**MATERIAL FOR THIS TASK**
☆ ☆ ☆ ☆ ☆ ☆ ☆

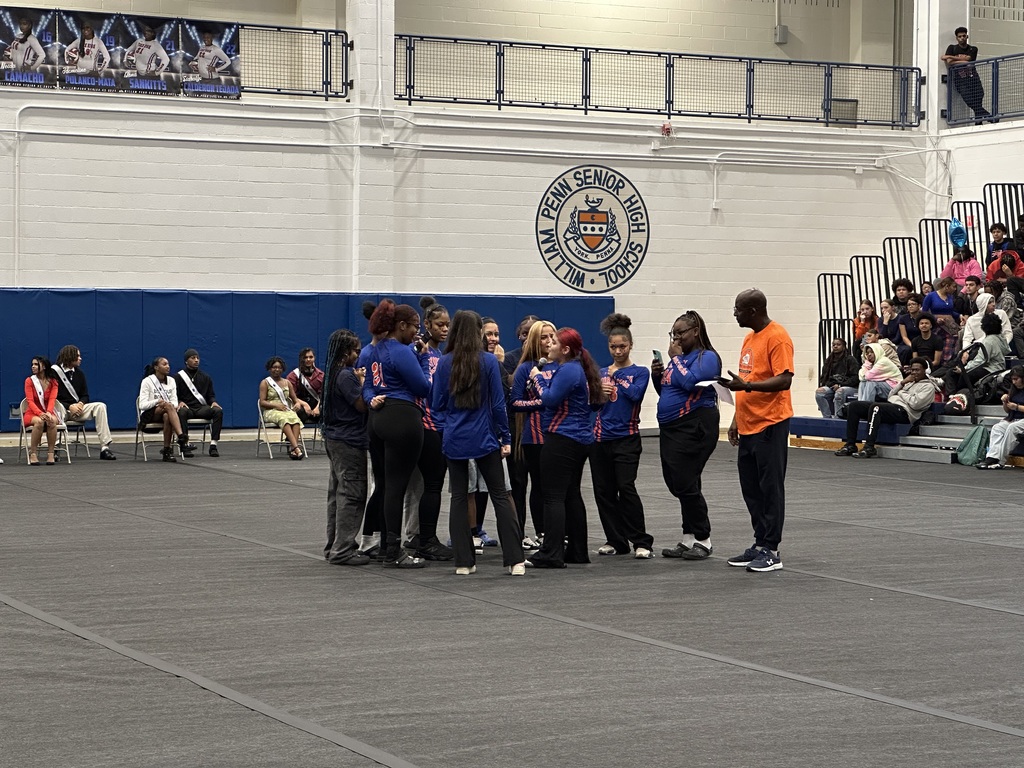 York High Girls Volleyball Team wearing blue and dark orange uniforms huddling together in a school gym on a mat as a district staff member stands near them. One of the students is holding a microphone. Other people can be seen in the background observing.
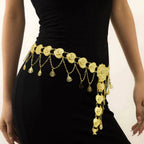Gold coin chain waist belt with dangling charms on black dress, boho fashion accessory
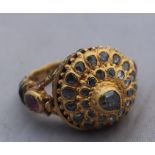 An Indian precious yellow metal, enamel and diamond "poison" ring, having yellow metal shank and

☆ ☆ ☆ ☆ ☆ ☆ ☆

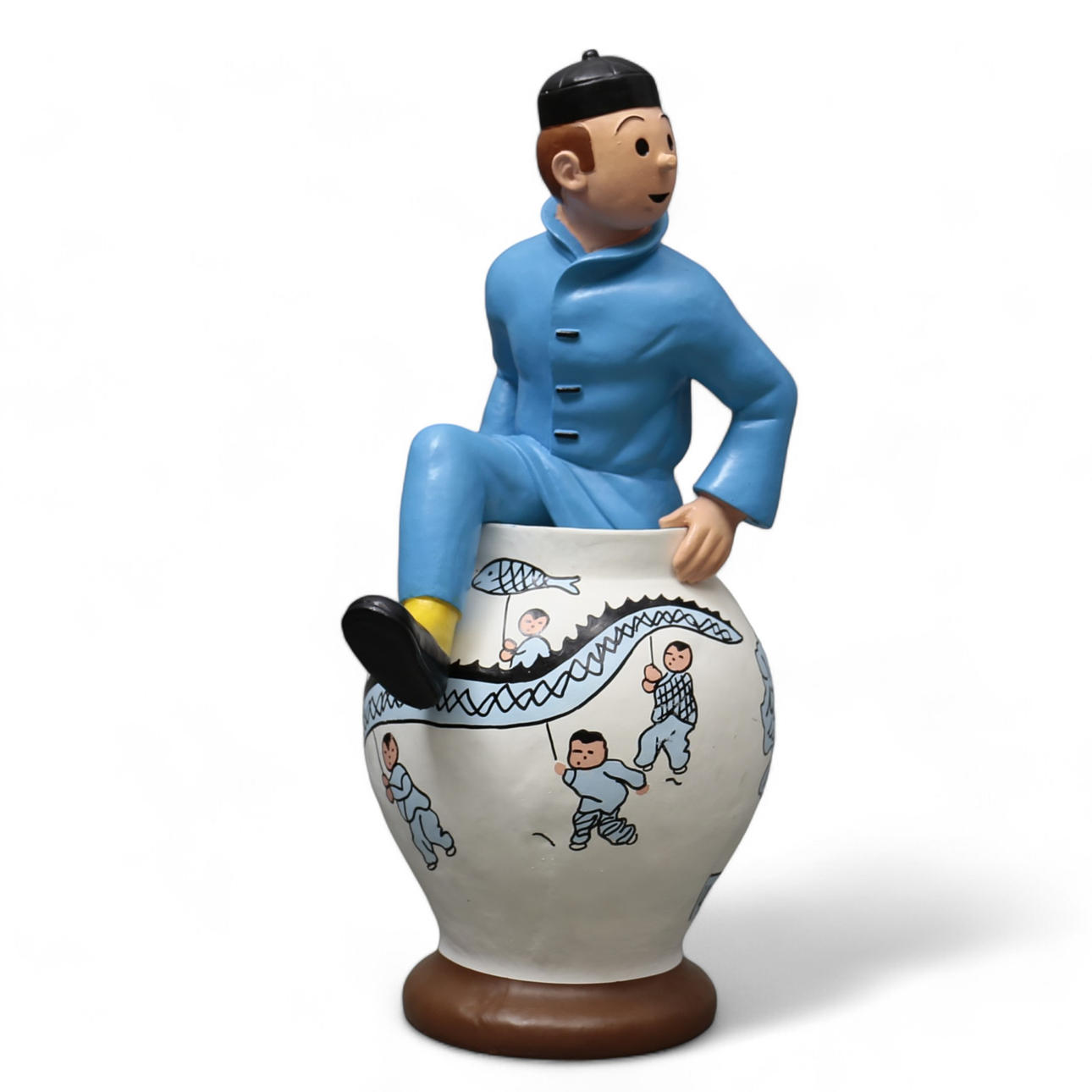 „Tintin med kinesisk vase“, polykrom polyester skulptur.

☆ ☆ ☆ ☆ ☆ ☆ ☆

**EXERCISE DESCRIPTION**
Every line above in the stretch from the one with "York High Girls" through the one with "An Indian precious" is to be transcribed exactly, ends included. No picture is copied.

**ANSWER SPACE**
 York High Girls Volleyball Team wearing blue and dark orange uniforms huddling together in a school gym on a mat as a district staff member stands near them. One of the students is holding a microphone. Other people can be seen in the background observing.
Gold coin chain waist belt with dangling charms on black dress, boho fashion accessory
 An Indian precious yellow metal, enamel and diamond "poison" ring, having yellow metal shank and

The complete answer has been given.